College History

For more than 90 years, Long Beach City College (LBCC) has prepared students for success in their future studies and careers. LBCC has grown from a single building into two dynamic campuses on more than 140 acres, with 25,000 students and 1,400 full- and part-time faculty and staff. The College offers state-of-the-art, technology-rich learning environments, a broad range of academic and career technical instructional programs, and economic and workforce development programs. Students can enroll in a diverse array of associate degree and certificate programs for transfer studies, career and technical education, and personal enrichment.

As one of the largest of the 115 community colleges in California, LBCC is governed by the five locally elected members of the Long Beach Community College District Board of Trustees. The district serves the cities of Long Beach, Signal Hill, Lakewood, and Avalon. LBCC was established in 1927 as Long Beach Junior College and founded at the current site of Woodrow Wilson High School. The original LBCC building was destroyed by the 1933 Long Beach earthquake. Classes were held outside and in tents at neighboring Recreation Park until 1935, when the college moved to the site of its present-day Liberal Arts Campus, at Carson Street and Clark Avenue.

From its earliest days, the College has established traditions that are alive today, such as the mascot, Ole, and team name, Vikings. Early athletic honors included championships in wrestling, baseball, men’s and women’s swimming, and men’s basketball. The tradition of athletic excellence continues today: LBCC has earned 93 state championships, making the College one of the top California community colleges in athletics.

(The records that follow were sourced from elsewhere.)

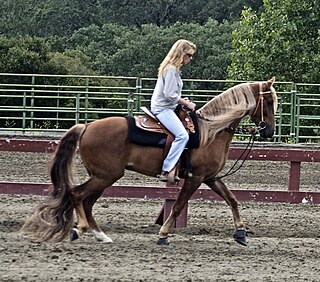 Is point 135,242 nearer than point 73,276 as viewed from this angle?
No

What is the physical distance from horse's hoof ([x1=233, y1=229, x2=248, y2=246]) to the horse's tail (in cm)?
179

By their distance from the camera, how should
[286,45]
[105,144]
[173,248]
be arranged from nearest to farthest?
[173,248] → [105,144] → [286,45]

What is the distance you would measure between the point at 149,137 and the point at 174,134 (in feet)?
0.92

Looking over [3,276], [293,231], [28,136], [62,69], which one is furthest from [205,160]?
[62,69]

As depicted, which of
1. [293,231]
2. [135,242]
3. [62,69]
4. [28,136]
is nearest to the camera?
[135,242]

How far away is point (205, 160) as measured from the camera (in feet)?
34.3

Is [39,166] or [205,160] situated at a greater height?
[205,160]

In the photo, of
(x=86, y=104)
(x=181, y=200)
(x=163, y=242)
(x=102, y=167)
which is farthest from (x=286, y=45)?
(x=163, y=242)

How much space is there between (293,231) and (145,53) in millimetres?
37568

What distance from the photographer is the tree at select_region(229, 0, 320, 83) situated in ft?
100

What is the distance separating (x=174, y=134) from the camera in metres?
10.3

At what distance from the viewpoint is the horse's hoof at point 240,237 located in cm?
1047

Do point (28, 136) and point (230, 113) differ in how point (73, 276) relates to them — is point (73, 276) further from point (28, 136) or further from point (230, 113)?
point (28, 136)

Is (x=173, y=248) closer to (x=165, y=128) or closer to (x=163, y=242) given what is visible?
(x=163, y=242) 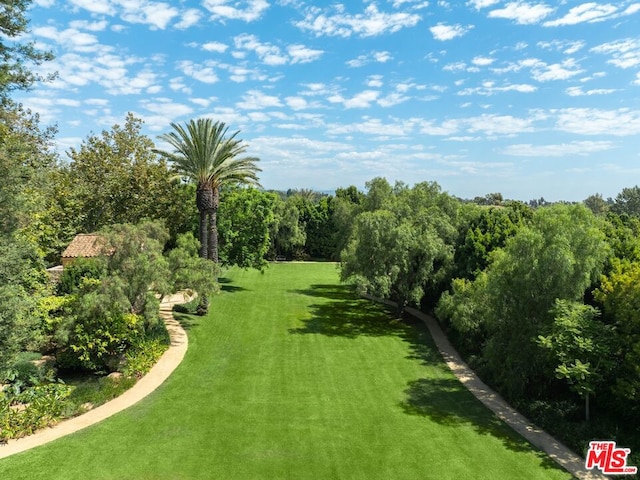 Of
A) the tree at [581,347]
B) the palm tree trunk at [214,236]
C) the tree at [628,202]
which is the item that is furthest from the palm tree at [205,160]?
the tree at [628,202]

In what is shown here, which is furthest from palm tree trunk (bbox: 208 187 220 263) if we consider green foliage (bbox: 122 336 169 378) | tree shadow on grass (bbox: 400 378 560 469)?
tree shadow on grass (bbox: 400 378 560 469)

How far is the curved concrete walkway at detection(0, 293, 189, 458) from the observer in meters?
13.1

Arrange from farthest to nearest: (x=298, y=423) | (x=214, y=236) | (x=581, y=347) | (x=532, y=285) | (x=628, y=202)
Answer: (x=628, y=202) < (x=214, y=236) < (x=532, y=285) < (x=298, y=423) < (x=581, y=347)

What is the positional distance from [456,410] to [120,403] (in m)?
12.2

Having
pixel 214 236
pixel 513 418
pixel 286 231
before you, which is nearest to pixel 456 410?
pixel 513 418

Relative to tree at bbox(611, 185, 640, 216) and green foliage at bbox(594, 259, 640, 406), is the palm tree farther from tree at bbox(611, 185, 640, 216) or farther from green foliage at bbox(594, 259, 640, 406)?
tree at bbox(611, 185, 640, 216)

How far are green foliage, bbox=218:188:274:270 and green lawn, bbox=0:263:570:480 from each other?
32.8 feet

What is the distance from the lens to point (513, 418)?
1538 centimetres

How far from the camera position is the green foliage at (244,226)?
33469 mm

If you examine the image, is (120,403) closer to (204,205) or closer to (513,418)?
(204,205)

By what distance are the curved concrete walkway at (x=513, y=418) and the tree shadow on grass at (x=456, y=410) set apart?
29cm

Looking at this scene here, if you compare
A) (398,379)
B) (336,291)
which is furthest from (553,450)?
(336,291)

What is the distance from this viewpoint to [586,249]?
16.1 metres

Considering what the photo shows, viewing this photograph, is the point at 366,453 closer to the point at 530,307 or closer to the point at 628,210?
the point at 530,307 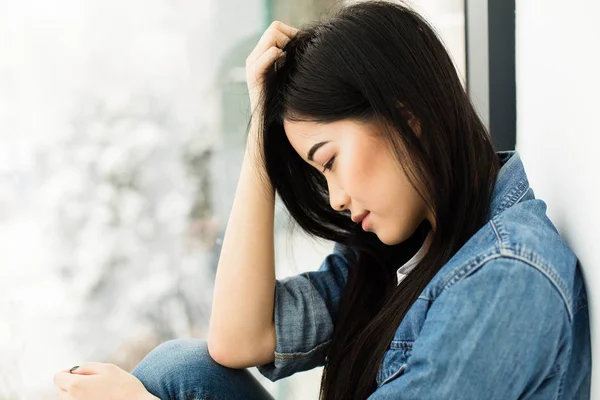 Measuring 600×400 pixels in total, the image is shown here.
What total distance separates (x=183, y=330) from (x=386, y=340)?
2.64ft

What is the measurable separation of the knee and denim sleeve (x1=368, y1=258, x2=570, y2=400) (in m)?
0.41

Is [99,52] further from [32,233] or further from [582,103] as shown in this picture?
[582,103]

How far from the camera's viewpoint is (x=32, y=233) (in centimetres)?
145

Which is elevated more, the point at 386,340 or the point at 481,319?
the point at 481,319

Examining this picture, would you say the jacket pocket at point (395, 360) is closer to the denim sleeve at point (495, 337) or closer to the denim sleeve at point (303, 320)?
the denim sleeve at point (495, 337)

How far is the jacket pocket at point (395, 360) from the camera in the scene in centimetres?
76

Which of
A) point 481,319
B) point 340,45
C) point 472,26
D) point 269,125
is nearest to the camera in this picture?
point 481,319

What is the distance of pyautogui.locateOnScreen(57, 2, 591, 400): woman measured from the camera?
0.65 metres

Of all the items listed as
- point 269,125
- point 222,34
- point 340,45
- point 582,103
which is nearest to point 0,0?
point 222,34

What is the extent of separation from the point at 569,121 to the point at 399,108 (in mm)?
186

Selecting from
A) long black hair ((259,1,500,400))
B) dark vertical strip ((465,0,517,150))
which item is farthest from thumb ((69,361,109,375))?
dark vertical strip ((465,0,517,150))

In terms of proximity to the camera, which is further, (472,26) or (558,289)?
(472,26)

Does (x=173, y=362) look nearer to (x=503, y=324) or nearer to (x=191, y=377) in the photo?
(x=191, y=377)

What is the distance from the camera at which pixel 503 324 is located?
0.63 meters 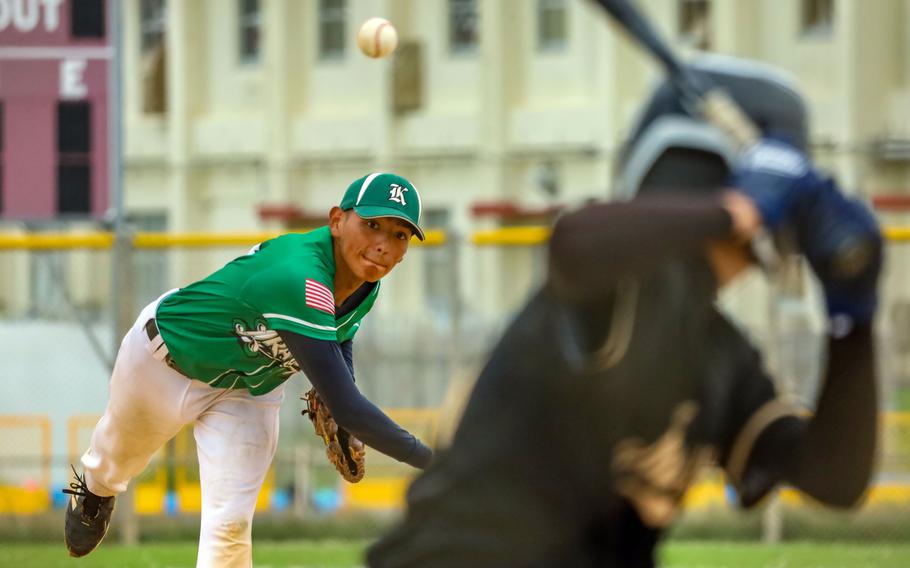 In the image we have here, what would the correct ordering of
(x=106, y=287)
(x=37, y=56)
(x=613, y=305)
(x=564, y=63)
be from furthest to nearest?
(x=564, y=63) → (x=106, y=287) → (x=37, y=56) → (x=613, y=305)

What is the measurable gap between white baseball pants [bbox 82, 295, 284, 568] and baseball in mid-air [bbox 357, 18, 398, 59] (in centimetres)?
310

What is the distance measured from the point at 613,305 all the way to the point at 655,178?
0.90 ft

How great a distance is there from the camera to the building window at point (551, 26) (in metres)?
27.1

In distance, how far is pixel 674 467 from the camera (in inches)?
111

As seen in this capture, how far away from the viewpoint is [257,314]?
17.7 ft

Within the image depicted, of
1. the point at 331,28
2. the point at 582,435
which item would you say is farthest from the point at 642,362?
the point at 331,28

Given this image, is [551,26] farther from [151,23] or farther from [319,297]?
[319,297]

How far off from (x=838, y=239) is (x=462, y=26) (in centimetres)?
2544

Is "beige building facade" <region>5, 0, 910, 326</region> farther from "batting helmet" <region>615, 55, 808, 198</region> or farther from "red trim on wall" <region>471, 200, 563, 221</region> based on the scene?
"batting helmet" <region>615, 55, 808, 198</region>

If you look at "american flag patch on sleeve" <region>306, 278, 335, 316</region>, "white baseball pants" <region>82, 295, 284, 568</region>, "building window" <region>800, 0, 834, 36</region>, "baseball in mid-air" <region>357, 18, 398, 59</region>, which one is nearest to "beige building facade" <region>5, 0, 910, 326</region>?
"building window" <region>800, 0, 834, 36</region>

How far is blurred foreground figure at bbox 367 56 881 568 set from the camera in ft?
8.69

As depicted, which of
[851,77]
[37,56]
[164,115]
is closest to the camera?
[37,56]

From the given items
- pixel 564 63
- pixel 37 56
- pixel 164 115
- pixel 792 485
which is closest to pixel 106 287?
pixel 37 56

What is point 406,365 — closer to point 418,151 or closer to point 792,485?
point 792,485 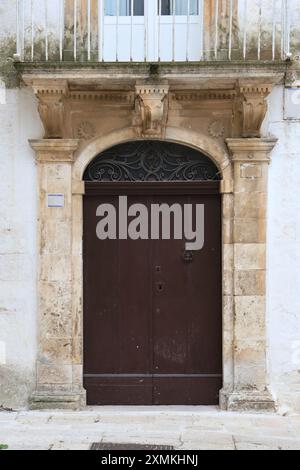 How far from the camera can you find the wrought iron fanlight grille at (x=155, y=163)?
25.5 ft

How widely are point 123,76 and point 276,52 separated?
1674mm

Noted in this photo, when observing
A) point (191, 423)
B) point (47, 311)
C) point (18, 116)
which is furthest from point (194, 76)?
point (191, 423)

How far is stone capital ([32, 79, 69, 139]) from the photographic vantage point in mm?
7205

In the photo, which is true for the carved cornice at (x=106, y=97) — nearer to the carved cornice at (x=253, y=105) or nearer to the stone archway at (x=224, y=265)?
the stone archway at (x=224, y=265)

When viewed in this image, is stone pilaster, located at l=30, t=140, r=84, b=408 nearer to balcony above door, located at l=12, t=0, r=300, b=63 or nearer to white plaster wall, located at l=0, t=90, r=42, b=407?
white plaster wall, located at l=0, t=90, r=42, b=407

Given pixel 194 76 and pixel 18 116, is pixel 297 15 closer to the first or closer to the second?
pixel 194 76

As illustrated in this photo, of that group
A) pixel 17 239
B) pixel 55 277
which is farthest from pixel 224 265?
pixel 17 239

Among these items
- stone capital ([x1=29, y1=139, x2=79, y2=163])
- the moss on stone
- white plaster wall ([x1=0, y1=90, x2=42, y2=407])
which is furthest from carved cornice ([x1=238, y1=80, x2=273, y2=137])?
the moss on stone

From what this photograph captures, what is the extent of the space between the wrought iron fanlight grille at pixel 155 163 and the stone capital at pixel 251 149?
1.13 feet

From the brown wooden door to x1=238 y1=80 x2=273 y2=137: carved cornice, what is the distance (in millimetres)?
815

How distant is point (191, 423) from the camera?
7184mm

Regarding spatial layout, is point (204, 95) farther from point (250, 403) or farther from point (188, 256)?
point (250, 403)

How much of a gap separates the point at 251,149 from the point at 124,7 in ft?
6.83

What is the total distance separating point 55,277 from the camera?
7.58 meters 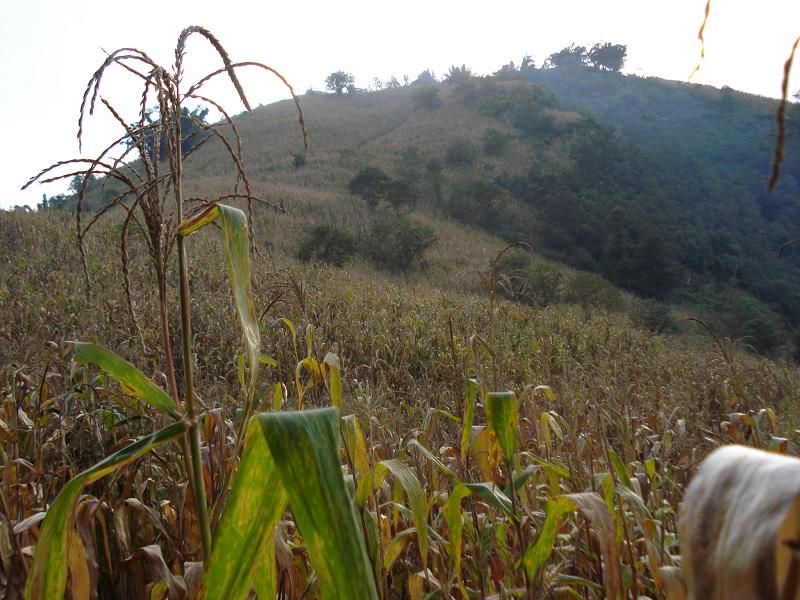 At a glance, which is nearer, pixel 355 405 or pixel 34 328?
pixel 355 405

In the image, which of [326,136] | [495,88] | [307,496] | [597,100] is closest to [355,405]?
[307,496]

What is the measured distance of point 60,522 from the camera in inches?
29.6

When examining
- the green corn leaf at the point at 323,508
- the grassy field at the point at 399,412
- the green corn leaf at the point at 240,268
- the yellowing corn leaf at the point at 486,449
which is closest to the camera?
the green corn leaf at the point at 323,508

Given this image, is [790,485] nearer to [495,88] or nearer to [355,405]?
[355,405]

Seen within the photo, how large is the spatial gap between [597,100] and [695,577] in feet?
215

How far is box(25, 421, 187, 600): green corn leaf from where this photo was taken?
71 centimetres

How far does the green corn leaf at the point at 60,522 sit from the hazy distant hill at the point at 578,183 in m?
16.1

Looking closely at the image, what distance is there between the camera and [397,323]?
31.1 feet

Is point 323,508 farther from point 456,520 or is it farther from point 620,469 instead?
point 620,469

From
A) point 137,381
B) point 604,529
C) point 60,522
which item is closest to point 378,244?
point 604,529

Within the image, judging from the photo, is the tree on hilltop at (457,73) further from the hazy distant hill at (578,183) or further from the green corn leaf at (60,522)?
the green corn leaf at (60,522)

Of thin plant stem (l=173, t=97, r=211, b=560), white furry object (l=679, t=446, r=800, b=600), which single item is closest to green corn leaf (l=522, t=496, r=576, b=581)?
thin plant stem (l=173, t=97, r=211, b=560)

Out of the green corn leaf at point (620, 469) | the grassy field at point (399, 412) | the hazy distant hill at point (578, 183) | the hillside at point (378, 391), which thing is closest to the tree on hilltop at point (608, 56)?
the hazy distant hill at point (578, 183)

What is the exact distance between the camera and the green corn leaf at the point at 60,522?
710mm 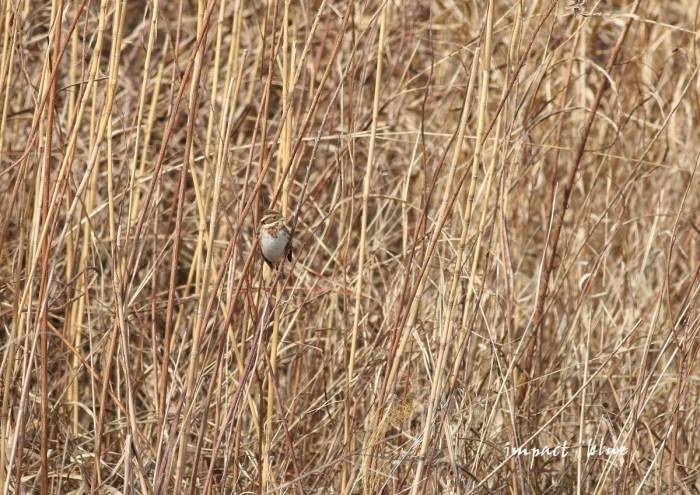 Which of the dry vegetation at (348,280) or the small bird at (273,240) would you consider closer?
the dry vegetation at (348,280)

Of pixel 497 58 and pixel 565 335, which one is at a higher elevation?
pixel 497 58

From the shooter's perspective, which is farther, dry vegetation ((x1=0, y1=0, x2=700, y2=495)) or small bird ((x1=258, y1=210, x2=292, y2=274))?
small bird ((x1=258, y1=210, x2=292, y2=274))

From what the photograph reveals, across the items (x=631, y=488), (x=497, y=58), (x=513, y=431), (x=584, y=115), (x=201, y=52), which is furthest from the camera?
(x=497, y=58)

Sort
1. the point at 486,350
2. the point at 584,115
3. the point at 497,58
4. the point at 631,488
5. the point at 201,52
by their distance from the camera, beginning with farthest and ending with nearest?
1. the point at 497,58
2. the point at 584,115
3. the point at 486,350
4. the point at 631,488
5. the point at 201,52

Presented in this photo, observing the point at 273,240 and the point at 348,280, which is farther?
the point at 348,280

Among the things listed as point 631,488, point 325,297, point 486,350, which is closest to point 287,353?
point 325,297

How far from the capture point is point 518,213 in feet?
9.10

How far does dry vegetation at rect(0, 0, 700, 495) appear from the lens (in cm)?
159

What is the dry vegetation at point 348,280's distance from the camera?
159 cm

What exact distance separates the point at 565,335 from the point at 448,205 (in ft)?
2.97

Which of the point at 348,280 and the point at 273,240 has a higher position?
the point at 273,240

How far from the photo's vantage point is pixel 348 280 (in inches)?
97.7

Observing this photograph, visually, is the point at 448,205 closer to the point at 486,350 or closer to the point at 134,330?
the point at 486,350

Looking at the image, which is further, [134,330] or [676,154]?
[676,154] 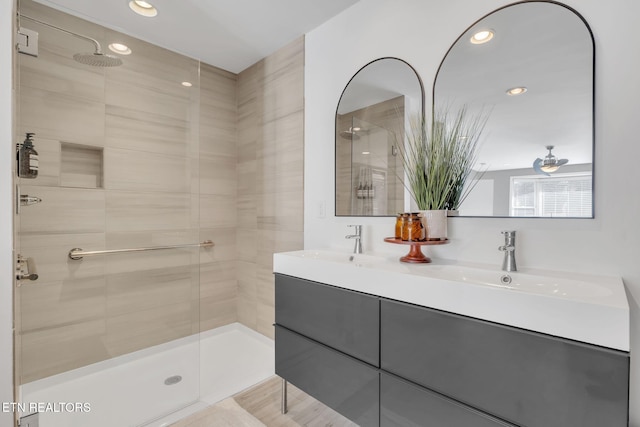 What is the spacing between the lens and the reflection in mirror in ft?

LBCC grew rapidly after World War II, adding the Pacific Coast Campus in 1949, which formerly housed Hamilton Junior High. In the 1970s, as a result of a new state law, the College separated from the Long Beach Unified School District and became the independent Long Beach Community College District with its own locally elected Board of Trustees.

In 1987, LBCC acquired Veterans Memorial Stadium from the City of Long Beach. Today the stadium hosts LBCC and local high school football games as well as track meets, graduation ceremonies, concerts, commercial shoots, and the Long Beach Antique Market.

As computing technology grew in the 1980s, LBCC kept pace by acquiring new equipment for nearly every instructional program and revising its programs accordingly. Today, computer labs, multimedia “smart” classrooms, and a host of 21st century educational technology training programs allow for faculty to connect with students through course Learning Management System, social media, and online learning programs. In addition, LBCC supports faculty to embrace innovative teaching strategies to enhance student engagement and learning (e.g., blended teaching methods, flipped classrooms, self-paced and adaptive learning software, transformative pedagogy, hybrid and fully online courses, etc.).

Long Beach, Lakewood, Signal Hill, and Avalon voters approved the Measure E Bond in 2002 and its extension in 2008. Because of this overwhelming support, LBCC has been engaged in a 15-year, $616-million modernization program to upgrade the Liberal Arts and Pacific Coast campuses. The College has celebrated the completion of dozens of new construction projects and building modernizations. The building program is providing new facilities to support new programs, allowing LBCC to prepare its students to meet the changing demands of today’s workplace both globally and locally.

More recently, voters approved Measure LB in 2016, providing an additional $850 million to complete the multi-campus Facilities Master Plan. Aiming for completion in 2041, the comprehensive facilities upgrades will provide a contemporary, state-of-the-art learning environment for the region served by LBCC. Meanwhile, the LBCC Foundation continues to provide strong and ongoing support to the college through scholarships and grants, recognizing and celebrating alumni accomplishments through the Alumni Hall of Fame, reunions, anniversary celebrations, and more.

LBCC’s nationally recognized economic and workforce development programs help support the local economy through the creation and retention of regional jobs. Economic development initiatives like the regional Small Business Development Center Network and the Goldman Sachs 10,000 Small Businesses program are helping small businesses and our local economy thrive.

In addition, innovative programs like the Long Beach College Promise – a unique partnership with the Long Beach Unified School District, California State University, Long Beach, the City of Long Beach, and the Port of Long Beach – are helping more students succeed in college. The program has become a national model for communities looking to increase student success. LBCC has had many accomplishments to celebrate in its first nine decades and is well positioned to build on this tradition of success in serving its community for generations to come.